**AIM OF THE EXERCISE:**
Retype exactly the span of lines below from the one with "Tandarts Turkije: Een" through the one with "Dental Implant Placement". Do not include pictures.

**DATA TO PROCESS:**
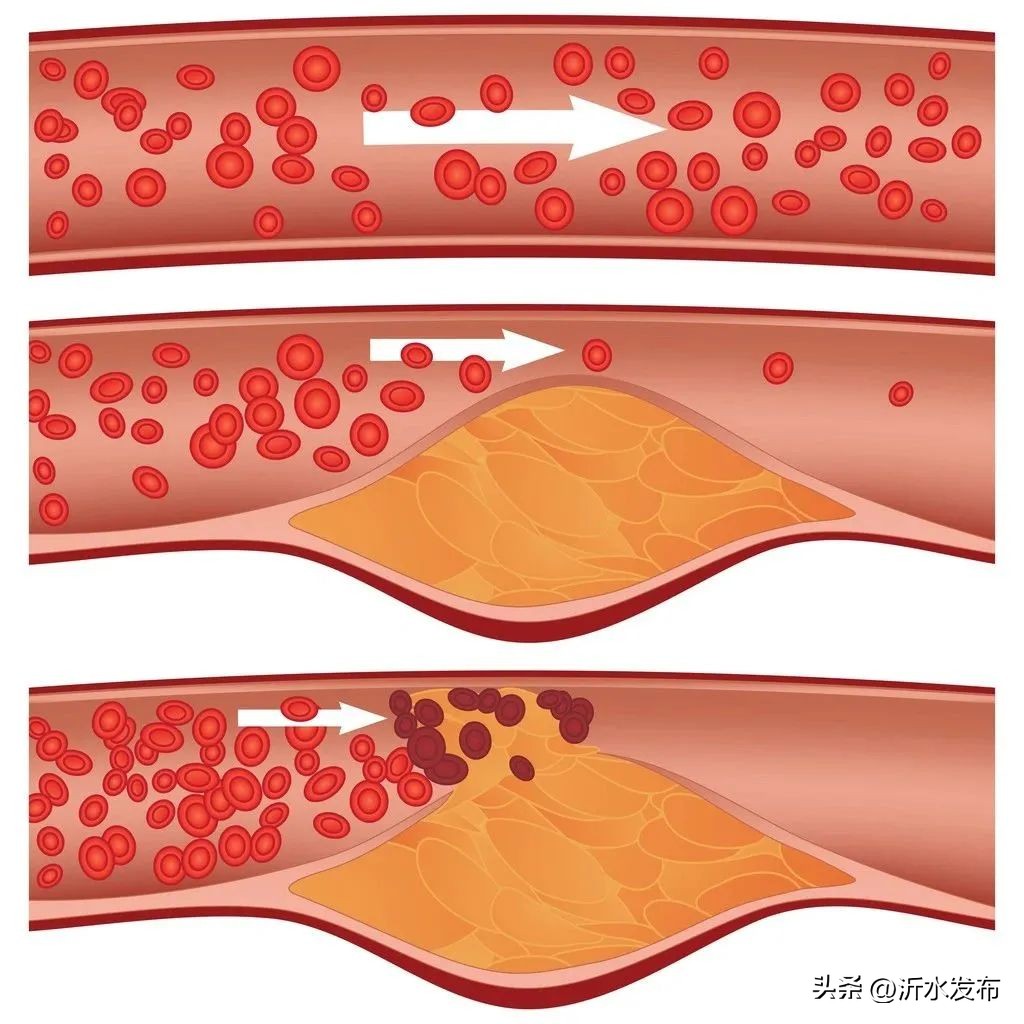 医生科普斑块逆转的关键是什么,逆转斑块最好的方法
==
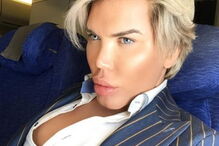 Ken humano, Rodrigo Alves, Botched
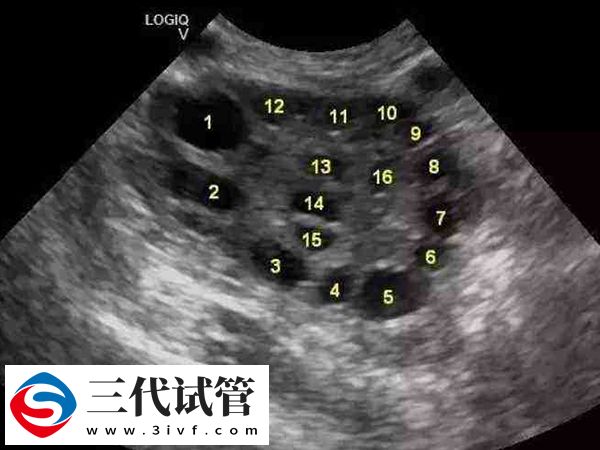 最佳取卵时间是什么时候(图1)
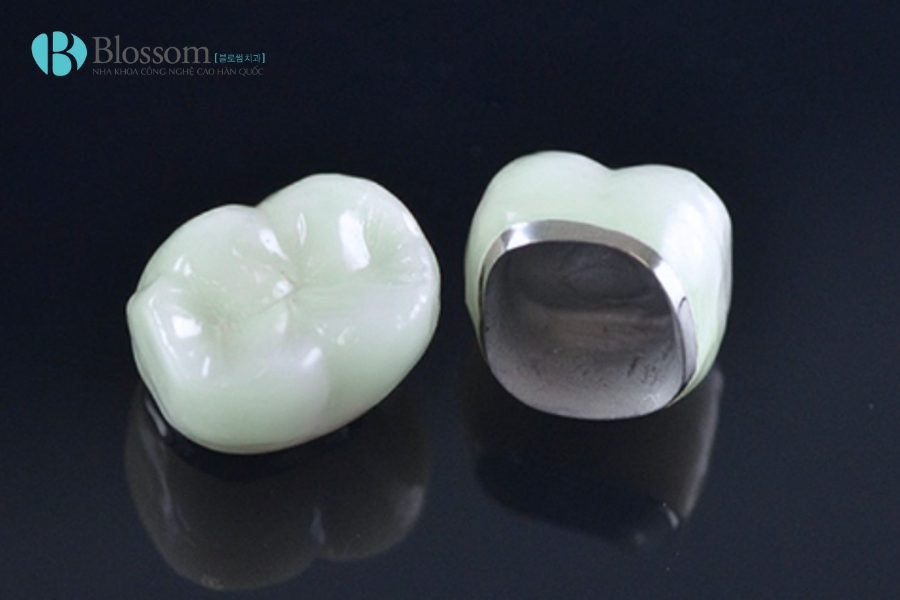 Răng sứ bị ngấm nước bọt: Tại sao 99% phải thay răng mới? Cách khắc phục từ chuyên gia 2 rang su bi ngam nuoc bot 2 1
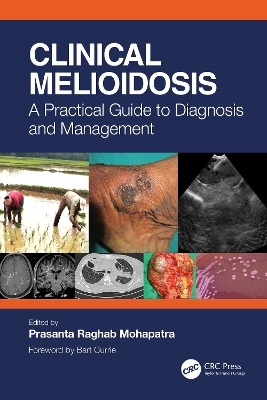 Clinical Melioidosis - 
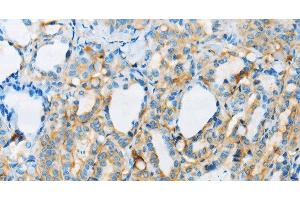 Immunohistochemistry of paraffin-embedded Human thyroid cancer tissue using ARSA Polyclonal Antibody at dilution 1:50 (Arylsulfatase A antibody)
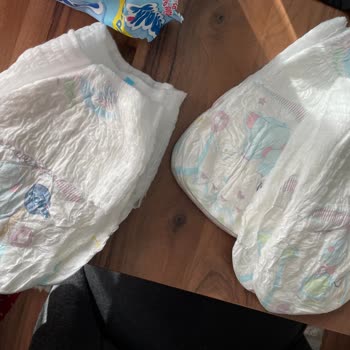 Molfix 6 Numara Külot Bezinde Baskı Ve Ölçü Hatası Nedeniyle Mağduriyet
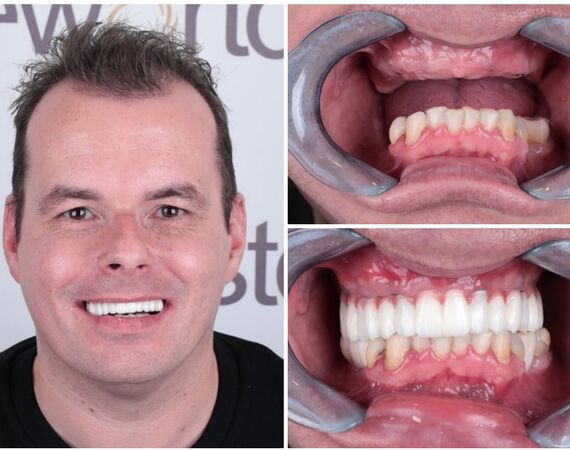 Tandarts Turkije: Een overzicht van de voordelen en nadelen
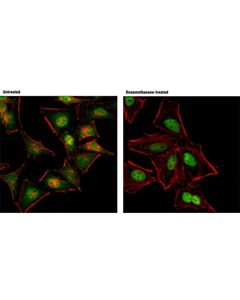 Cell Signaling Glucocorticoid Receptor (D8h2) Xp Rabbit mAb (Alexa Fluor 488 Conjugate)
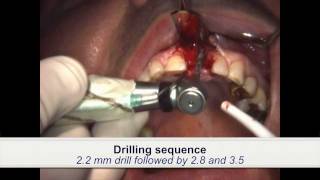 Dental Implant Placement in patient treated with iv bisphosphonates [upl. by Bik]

**ANSWER TO THIS PROBLEM:**
 Tandarts Turkije: Een overzicht van de voordelen en nadelen
 Cell Signaling Glucocorticoid Receptor (D8h2) Xp Rabbit mAb (Alexa Fluor 488 Conjugate)
 Dental Implant Placement in patient treated with iv bisphosphonates [upl. by Bik]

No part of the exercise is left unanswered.